Византийская принцесса Анна Комнина в своем труде «Алексиада», посвященном жизни ее отца, императора Алексея I (правил в 1081-1118), оставила описание внешности и характера Роберта Гвискара, который производил большое впечатление даже на своих противников: «Роберт… был выдающимся полководцем, обладал острым умом, красивой внешностью, изысканной речью, находчивостью в беседе, громким голосом и открытым нравом. Он был высокого роста, всегда с ровно остриженными волосами на голове и с густой бородой. Роберт постоянно стремился блюсти нравы своего племени и до самой кончины сохранял свежесть лица и всего тела. Он гордился этими своими качествами; благодаря им его внешность могла считаться достойной владыки.

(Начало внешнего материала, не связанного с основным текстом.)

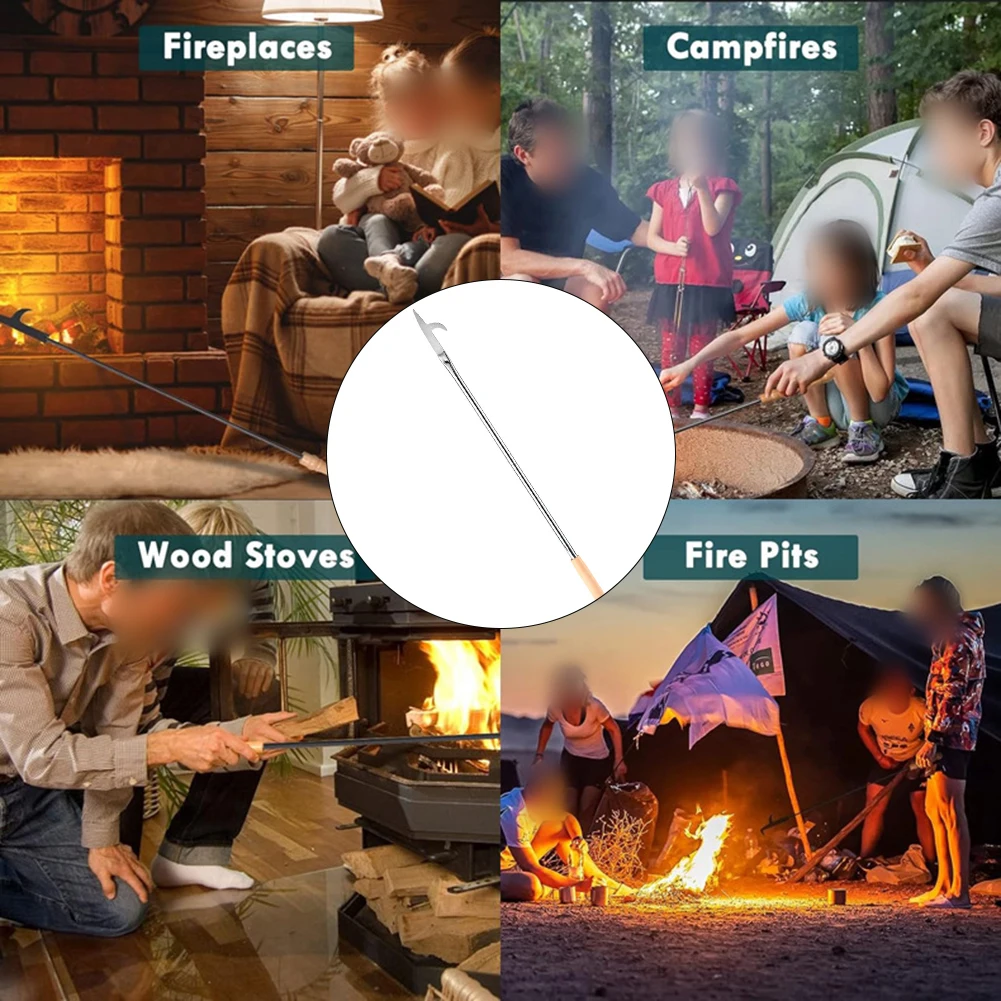 83-センチメートルファイヤーポーカーキャンプファイヤーポーカー木製ハンドル付き暖炉焚き火ツールステンレス鋼ファイヤーフックファイヤーピットチミネアス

Он с уважением относился ко всем своим подчиненным, а особенно к тем, которые были наиболее ему преданы. В то же время Роберт был очень скуп, корыстолюбив… да к тому же чрезвычайно тщеславен»{167}. Как сказали бы сегодня, это портрет харизматического лидера — и нет оснований удивляться тому, что Роберту Гвискару удалось сделать столь выдающуюся карьеру.